The case before us does involve, however, the Corporation’s exercise of its discretion not to bring an enforcement action.6 As such, it is a matter exclusively within the Corporation’s discretion and beyond the power of judicial review. Congress gave the Corporation the sole authority “to insure the compliance of recipients and their employees with the provisions of the [Act] and the rules, regulations, and guidelines promulgated pursuant to [the Act]....” 42 U.S.C.A. § 2996e(b)(l)(A). The available methods of enforcing the Act include the possible suspension of funding and/or suspension of the employees found to have violated the Act and, after proper notice and hearing, the termination of funding or the termination of the , employees found to have violated the Act, “as deemed appropriate for the violation in question.” 42 U.S.C.A. § 2996e(b)(5). By their terms, the statutory enforcement provisions permit, but do not compel, the Corporation to sanction violations of the Act or of the Corporation’s regulations. See 42 U.S.C.A. § 2996e(b)(5); see also 45 C.F.R. § 1618.5(a) (requiring Corporation to investigate allegations of non-compliance “promptly and attempt to resolve [them] through informal consultation with the recipient”); 45 C.F.R. § 1618.5(b) (giving Corporation discretion to suspend or terminate funding after “attempts at infor*469mal resolution have been unsuccessful”). Congress has committed the enforcement power to the Corporation’s discretion, and it is therefore not within the court’s power to review.7 Chaney, 470 U.S. at 831, 105 S.Ct. 1649 (“[A]n agency’s decision not to prosecute or enforce ... is a decision generally committed to an agency’s absolute discretion.”).
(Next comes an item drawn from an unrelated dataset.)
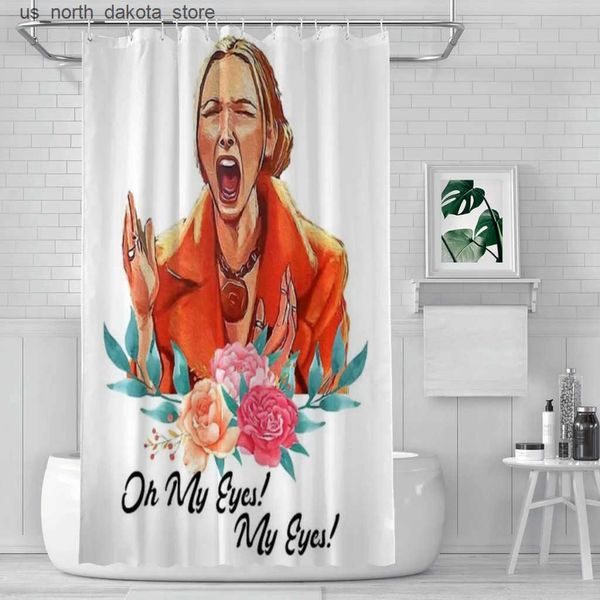 My eyes hurt from the bright shower curtain featuring Phoebe Buffy's bathroom decor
I, therefore, concur in the result reached in the lead opinion but believe judicial review is improper in the case at bar because the Corporation is within its prose-cutorial discretion. I submit that the district court’s decision should be vacated on that basis.

.As support for its conclusion, the Corporation points to the legislative history of the Act. When the LSC Act was amended in 1977, the House Report stated that the amendments to the Act would reaffirm the "exclusive authority” of the Corporation to insure compliance with the Act. H. Rep. No. 95-310, 95th Cong., 1st Sess. 6 (1977), reprinted in 1977 U.S.C.C.A.N. 4503, 4504. The House Report further noted that the Act "assures that the Corporation is accountable directly and only to the Congress. That accountability mechanism has worked well and must be preserved.” Id. at 4508. These quotations from the House Report, however, do not refer to judicial reviewability. As the paragraphs preceding the latter quotation make clear, and as the District of Columbia Circuit noted in Texas Rural Legal Aid, Inc. v. Legal Services Corp., 940 F.2d 685, the "statement ... refers only to Congress’s concern to 'protect the Corporation from inappropriate control by the Executive Branch'.... It simply does not address the issue of judicial review of LSC action.” 940 F.2d at 697 (internal citations omitted).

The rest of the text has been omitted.